Do you agree on this? if so, we can start working in adding some more debug logs to see where the problem is.
Regards, Bogdan
Sean O'Donnell wrote:
Hi all,
I’m using openser as a call distributor/proxy between a soft-switch/SBC and voicemail platform. I’m seeing a problem with openser in that it is sometimes cancels an in-progress call (fr_inv_timer firing) because it didn’t match the 200/OK with the call.
After some investigation, I noticed that this was happening after a missing ACK on a previous call caused the voicemail platform to retransmit 200/OK responses beyond the TM wt_timer expiration, which in turn left several openser child processes (those that received a 200 after wt_timer expiration) in a state such that they might not properly match transactions on subsequent calls.
My setup: I have openser 1.2.0 operating on a linux box with two network interfaces, with one interface (call it the outside interface) taking incoming calls from the soft-switch, and the other (inside) connected to the VM platform. I have openser configured to use both interfaces (see config below) and the TM wt_timer set to 5 seconds (default). As this is a voicemail system, all of the call traffic is inbound from the soft-switch. Given the traffic flow, for the most part the openser child processes servicing the inside interface are handling responses (180,183,200) from the VM platform.

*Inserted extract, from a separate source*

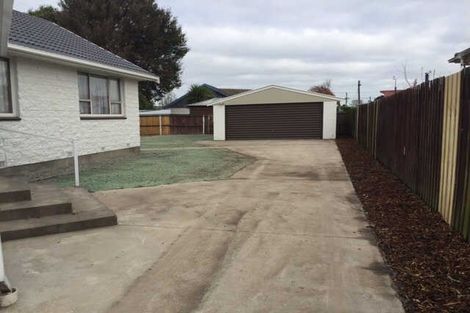 Photo of property in 74 Oakhampton Street, Hornby, Christchurch, 8042
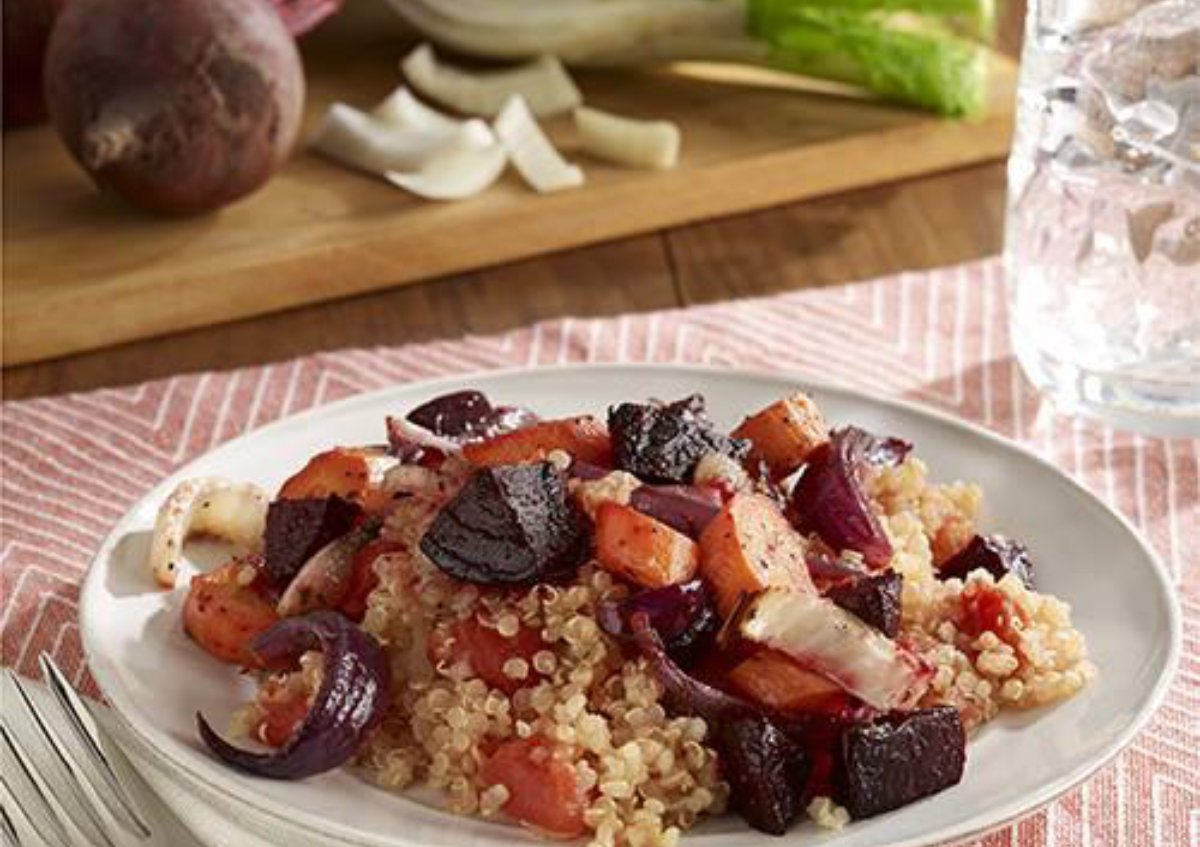 BETABELES Y VERDURAS ASADAS CON QUINUA (remolacha)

Call scenario: When an INVITE arrives from the soft-switch, openser forwards it to the VM platform. The VM platform responds with a 180 and then a 200. I've noticed several instances where the soft-switch did not respond with an ACK. This caused the VM platform to retransmit the 200 several times over a 10 second period. These were absorbed correctly by openser for the duration of wt_timer. After the timer expired, however, each openser child process that received a retransmitted 200 logged something like this: 4(2715) DEBUG: t_reply_matching: hash 45870 label 727647196 branch 0 4(2715) DEBUG: t_reply_matching: no matching transaction exists 4(2715) DEBUG: t_reply_matching: failure to match a transaction 4(2715) DEBUG: t_check: end=(nil)
When I look at the TM code, the static variable T in t_lookup.c is now NULL for this child process.
On a subsequent inbound call, the INVITE is passed to the VM correctly, and the 180 transaction matches (causing the fr_inv_timer to be armed). If the 200 is read by child proc 2715, I see: 4(2715) DEBUG: t_check: start=(nil) 4(2715) DEBUG: t_check: T previously sought and not found
The 200 is forwarded back to the soft-switch, which responds with an ACK. Both end-points think the call is up, but since openser never matched the 200 with the call, the fr_inv_timer fires and cancels the call. Basically, child proc 2715 won’t match any transaction after this unless it happens to process a request.
I think this problem is made worse by the fact that I’m using two network interfaces, and that the openser children on the inside interface handle (for the most part) only responses. This problem was touched on here: http://lists.openser.org/pipermail/users/2007-November/014188.html but I didn’t see any follow up. Also, I’ve checked openser 1.2.3 and 1.3.1 for fixes, but I don’t think this has been addressed.
I have a work around, I think, by upping the wt_timer to something like 15 seconds, but I was wondering if there is any scenario in which leaving T=NULL is desirable.
Thanks in advance Sean